Por mais que queiram a condenação e prisão de Jair Bolsonaro (PL), o presidente Lula (PT) e aliados sabem que o governador de São Paulo, Tarcísio de Freitas (Republicanos), será um adversário difícil de ser batido em 2026.
Ainda que se esforce para se mostrar fiel ao ex-presidente, Tarcísio transita numa faixa mais ampla, menos identificada com o ardor de viés religioso que cerca o ex-capitão. Não é à toa que partidos do Centrão vibram com a possibilidade de ter o governador como candidato — veem nele o nome capaz de manter o eleitorado de extrema direita, de agregar setores mais equilibrados e de personificar algo equivalente à quadratura do círculo, um bolsonarismo não radical.
Essa capacidade de Tarcísio é o que mais preocupa o Planalto. Seu perfil, em tese, tiraria a chance de Lula, a exemplo do que fez em 2022, apresentar-se ao eleitorado como alguém mais moderado que o adversário. Num país ainda polarizado, sai na frente aquele que demonstrar maior capacidade de aglutinar quem não está fechado com um lado ou com o outro.
A grande dificuldade de Tarcísio é de equilibrar uma suposta moderação com a necessidade de continuar a alimentar o ódio das hostes bolsonaristas, que tende a crescer com as prováveis decisões adversas do Supremo Tribunal Federal.
Até aqui, o governador tem conseguido fazer o papel do macaquinho que, segundo o grande João Saldanha, namorava a girafa: subia o pescoço da amada para sapecar um beijinho em sua boca e descia correndo para pegar numa de suas patinhas.
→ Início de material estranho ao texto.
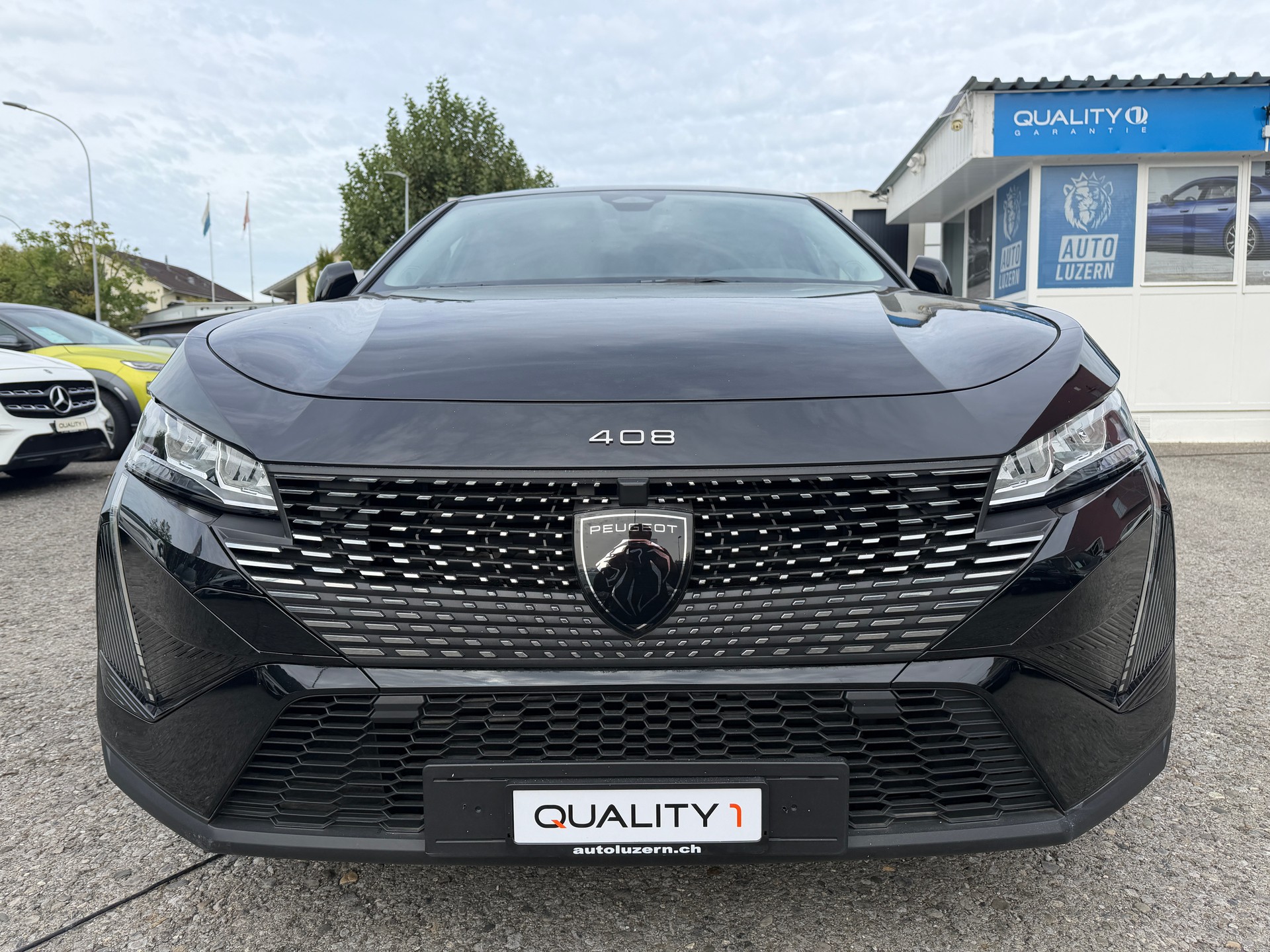 PEUGEOT 408 1.2 HEV 145 Allure-image-23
Visto com desconfiança pelos bolsonaristas-raiz, Tarcísio alterna momentos de civilidade — se reúne com Lula, assina acordos com o governo federal — com exibições de posições na linha pega-mata-come: mantém Guilherme Derrite à frente da secretaria de Segurança Pública, defendeu Bolsonaro no STF e marcou presença nos atos pró-anistia de acusados e condenados pela tentativa golpista.
A camisa azul da seleção brasileira usada pelo governador nessas manifestações exemplifica bem a dualidade. Ele fez questão de usar a vestimenta apropriada pela extrema direita, mas não em sua versão clássica, amarela. Como na velha canção, Tarcísio vestiu azul, o uniforme reserva, praticamente uma metáfora de sua situação no bolsonarismo.
A aposta é arriscada, mas ele parece não ter outra saída. Seria arriscado tentar procurar se mostrar como terceira via, a menos que Bolsonaro, impedido de disputar a eleição, force a barra para impor uma candidatura da família, a mulher, Michelle, ou o filho Eduardo.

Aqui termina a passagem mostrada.